#### Data to examine
^^^^^^^^^^^^^^^^

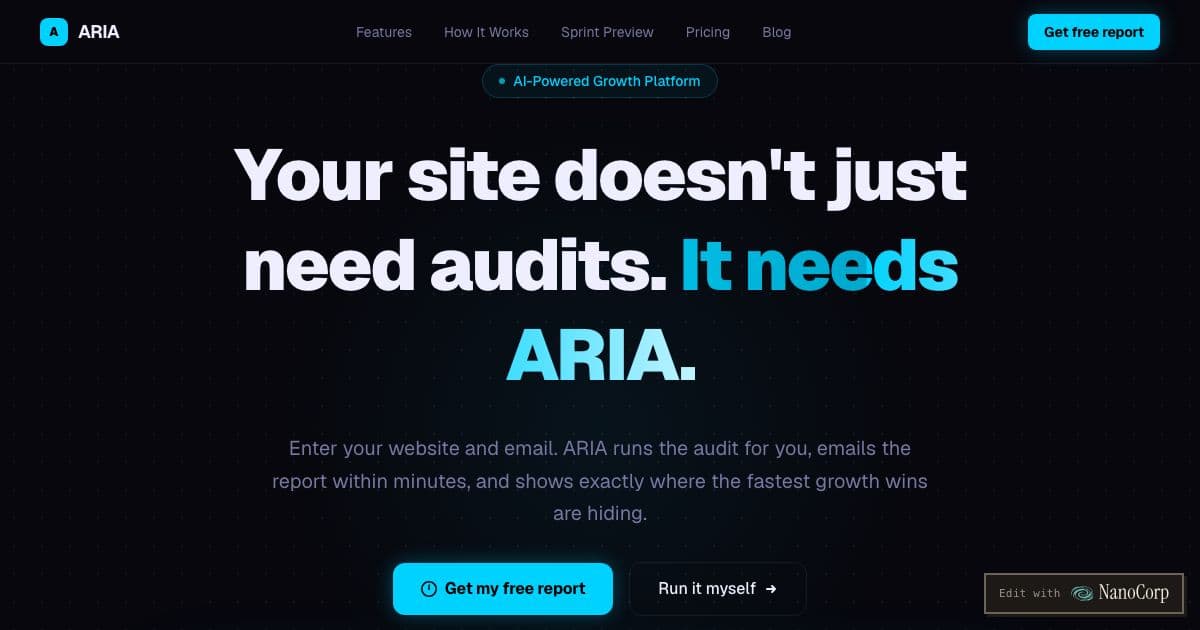 ARIA — Audits small business websites for speed and SEO, then proposes fixes, new content and A/B tests on a recurring cadence.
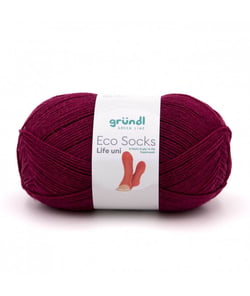 Laine à chaussettes à tricoter ECO SOCKS LIFE UNI - 100 GR - Grundl - certifiée Oeko-Tex 02 Violet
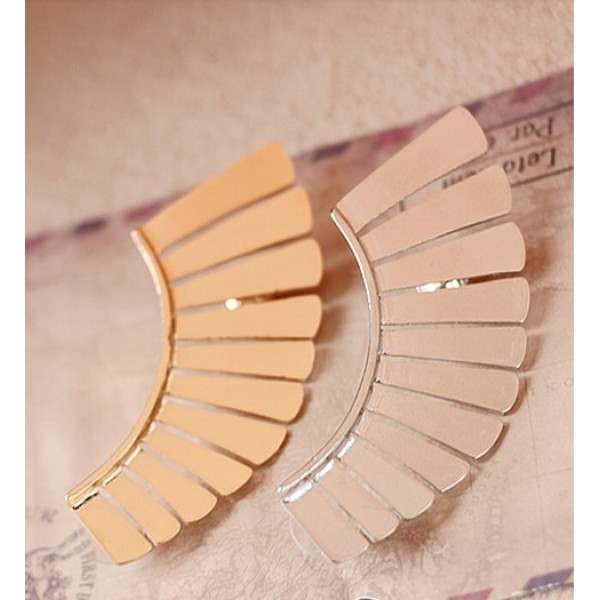 fashion gold/ silver/Bronze  plated metal fan-shaped ear cuff ear stud E-0574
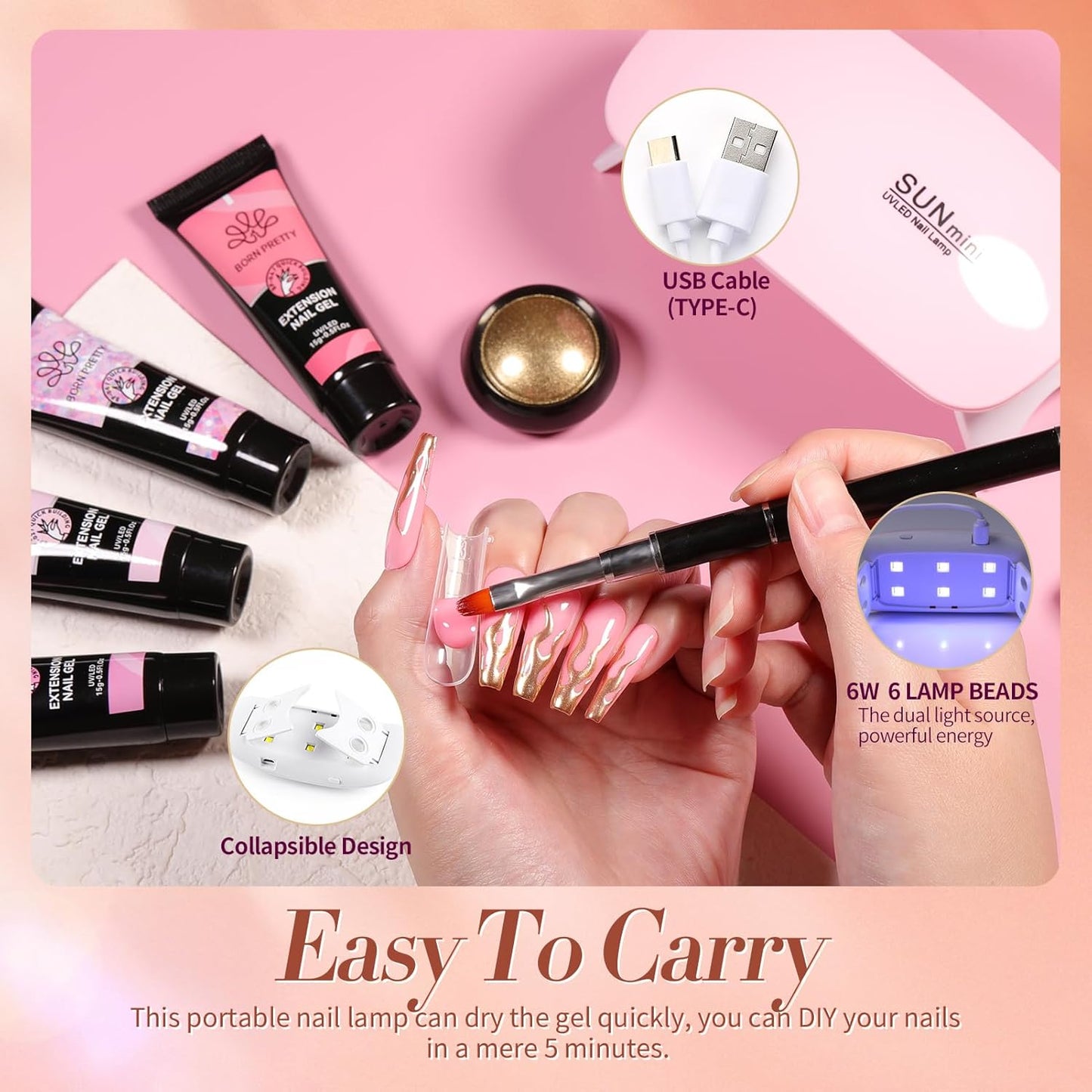 BORN PRETTY Poly Extension Gel Kit-12 Colors Extension Nail Gel Kit Nude Clear Jelly Pink All-In-1 Kit Builder Glue with Nail Lamp Base Top Coat Set Nail Forms French Manicure Ideal Gifts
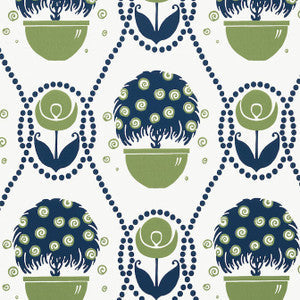 Thibaut Wallpaper Rene Navy and Green T2961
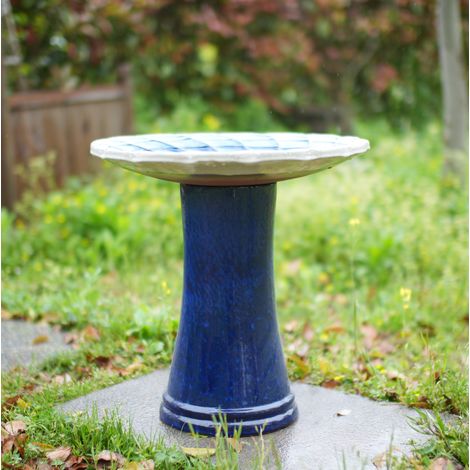 Bagno per uccelli 43x43x45 cm, ciotola ampia, base stabile, ceramica blu (1/5)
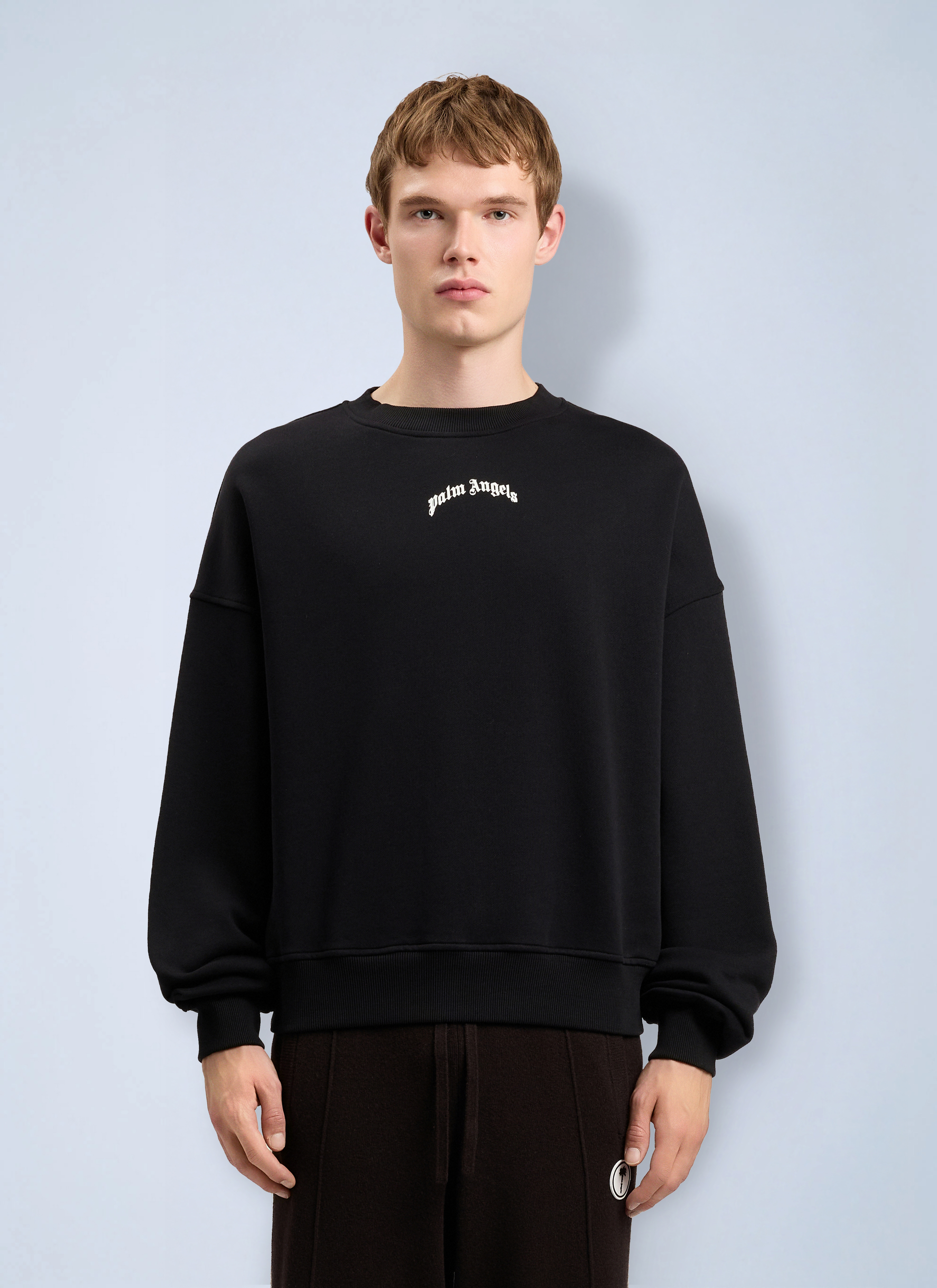 Palm Angels Men's Black Back Curved Logo Loose Sweatshirt - Man Sweatshirts Xxs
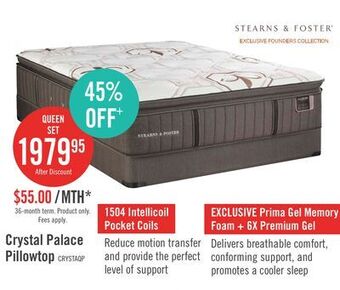 The Brick Stearns & foster founders collection crystal palace pillowtop queen mattress set offer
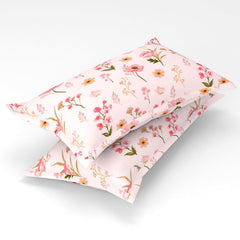 Microfiber Floral Fitted Bedsheet With 2 Pillow Covers - 72x78+10 Inch, Pink | Lightweight, Washable & Fade-Resistant Bedsheet Designed For Daily Use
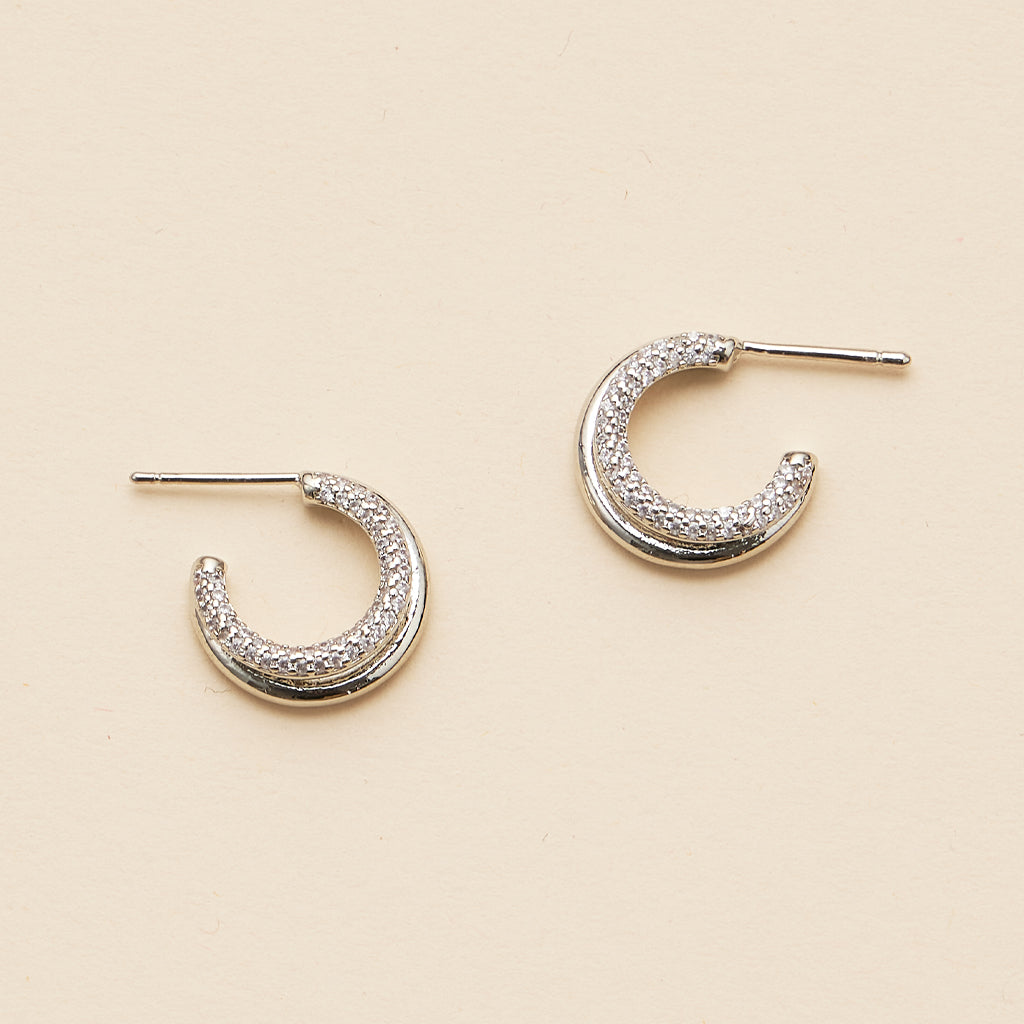Layered 18K Gold Dip CZ Open Hoop Earrings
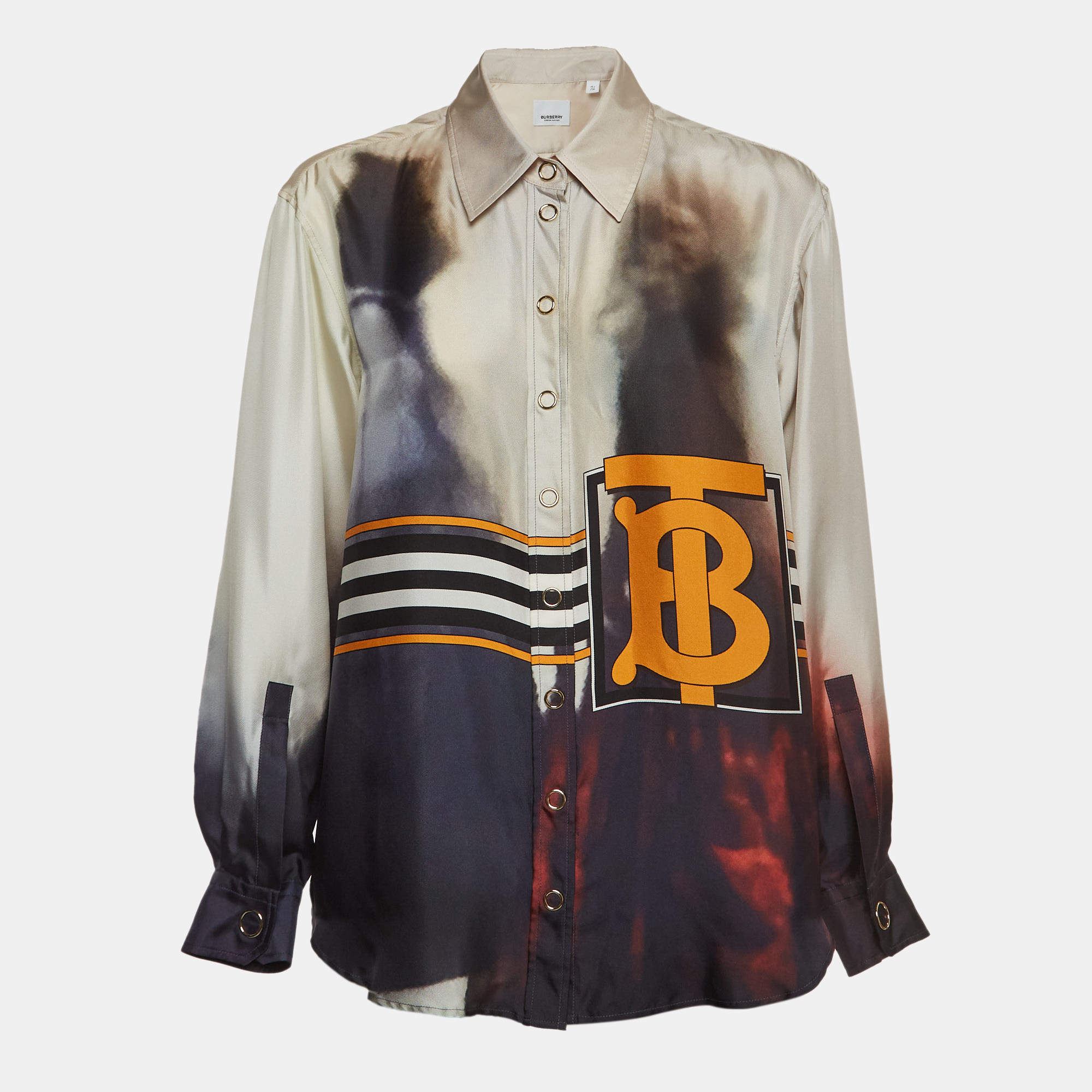 Burberry Grey Arianna Print Silk Button Front Shirt S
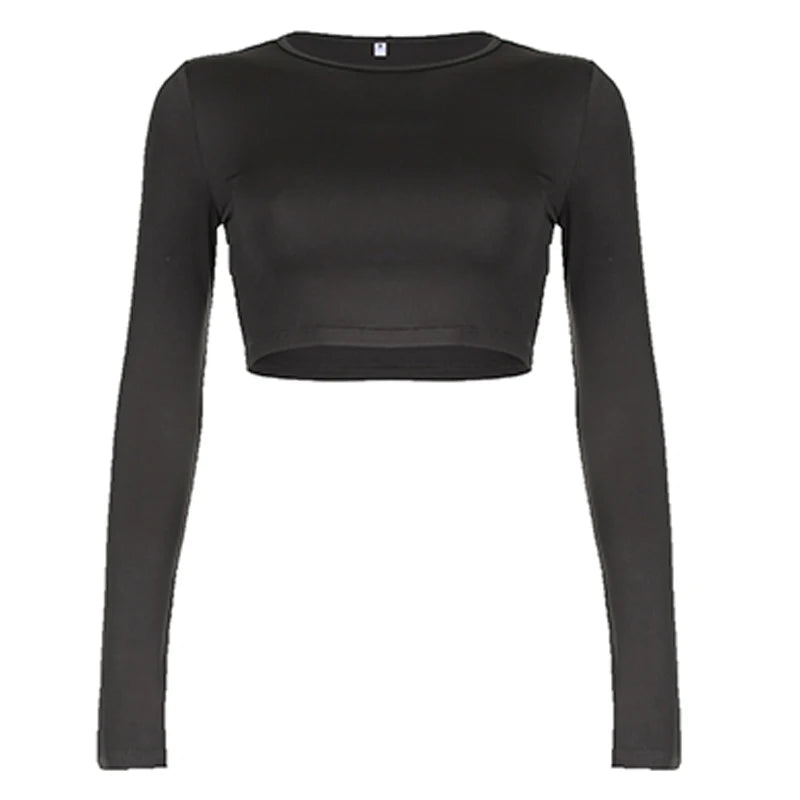 Crewneck Tee Shirts Long Sleevs Fahion Slim All-match Top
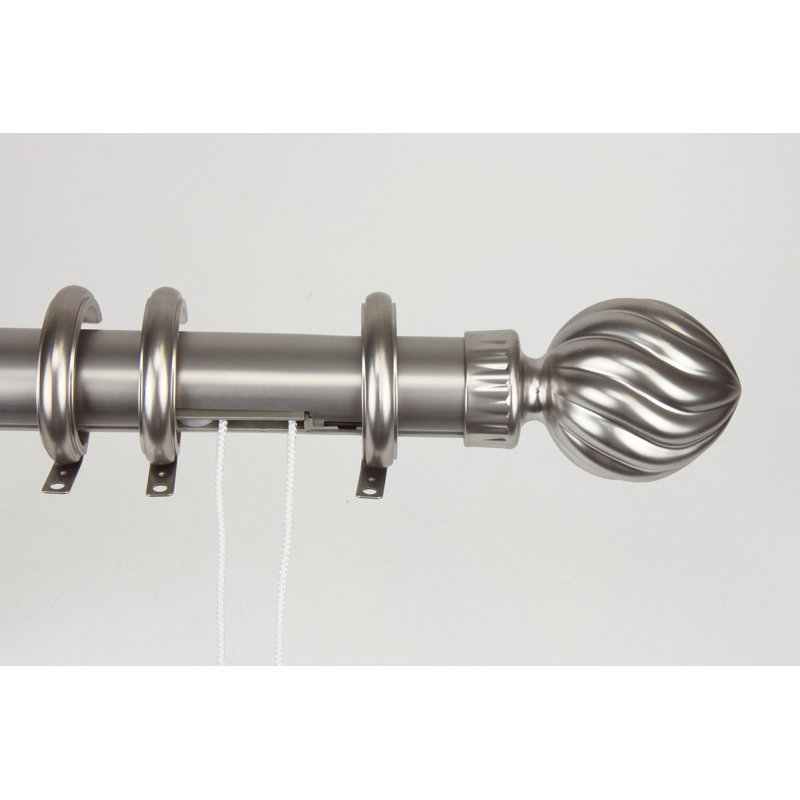 Elite Traverse Fluted-Ball Centre Open Curtain Rod and Hardware Set, 66" - 120" W, Nickel satiné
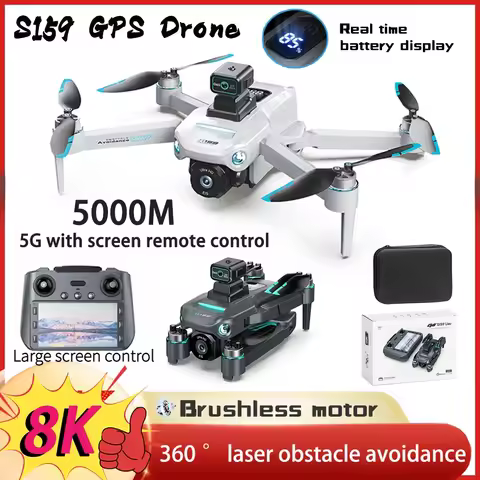 S159 GPS Rc Drone 5G Transmission Professional 8K HD Aerial Dual Camera Omnidirectional Screen Laser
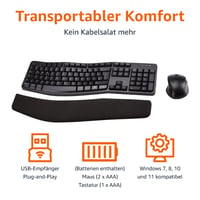 Ergonomická bezdrôtová súprava klávesnice a myši Amazon Basics, nemecké rozloženie, čierna 3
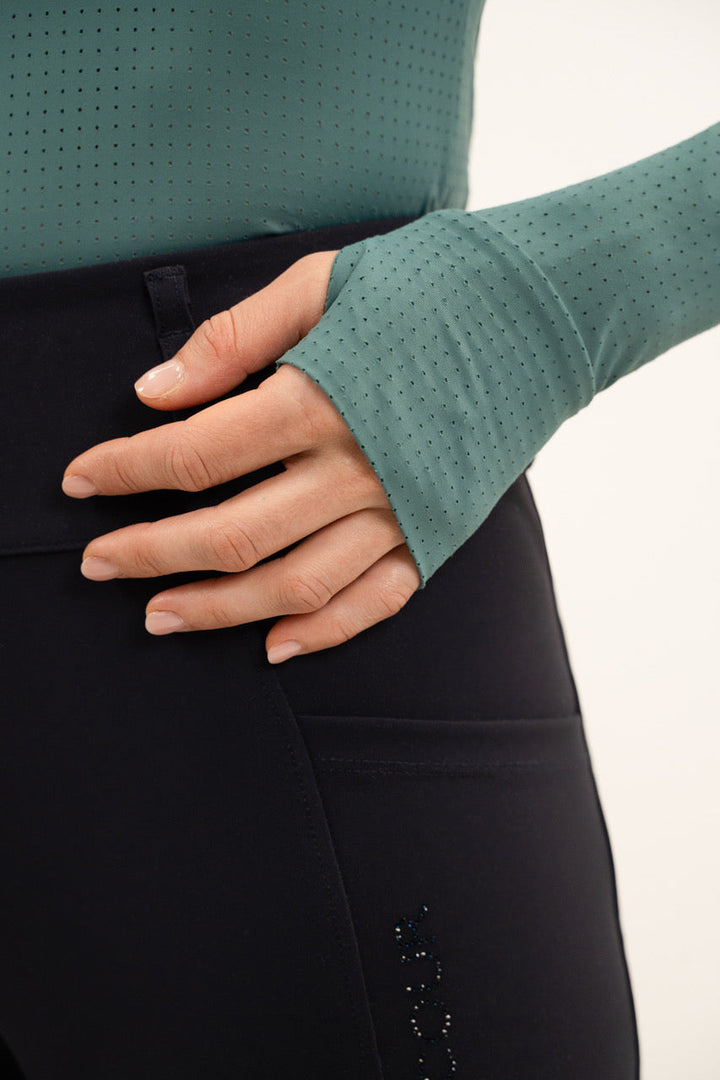 Harcour Bluvea Women's Perforated Long Sleeve Crew Neck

^^^^^^^^^^^^^^^^

#### Assigned task
Retype every entry above exactly, leaving out the pictures.

#### Final answer
 ARIA — Audits small business websites for speed and SEO, then proposes fixes, new content and A/B tests on a recurring cadence.
 Laine à chaussettes à tricoter ECO SOCKS LIFE UNI - 100 GR - Grundl - certifiée Oeko-Tex 02 Violet
 fashion gold/ silver/Bronze  plated metal fan-shaped ear cuff ear stud E-0574
 BORN PRETTY Poly Extension Gel Kit-12 Colors Extension Nail Gel Kit Nude Clear Jelly Pink All-In-1 Kit Builder Glue with Nail Lamp Base Top Coat Set Nail Forms French Manicure Ideal Gifts
 Thibaut Wallpaper Rene Navy and Green T2961
 Bagno per uccelli 43x43x45 cm, ciotola ampia, base stabile, ceramica blu (1/5)
 Palm Angels Men's Black Back Curved Logo Loose Sweatshirt - Man Sweatshirts Xxs
 The Brick Stearns & foster founders collection crystal palace pillowtop queen mattress set offer
 Microfiber Floral Fitted Bedsheet With 2 Pillow Covers - 72x78+10 Inch, Pink | Lightweight, Washable & Fade-Resistant Bedsheet Designed For Daily Use
Layered 18K Gold Dip CZ Open Hoop Earrings
 Burberry Grey Arianna Print Silk Button Front Shirt S
 Crewneck Tee Shirts Long Sleevs Fahion Slim All-match Top
 Elite Traverse Fluted-Ball Centre Open Curtain Rod and Hardware Set, 66" - 120" W, Nickel satiné
 S159 GPS Rc Drone 5G Transmission Professional 8K HD Aerial Dual Camera Omnidirectional Screen Laser
 Ergonomická bezdrôtová súprava klávesnice a myši Amazon Basics, nemecké rozloženie, čierna 3
 Harcour Bluvea Women's Perforated Long Sleeve Crew Neck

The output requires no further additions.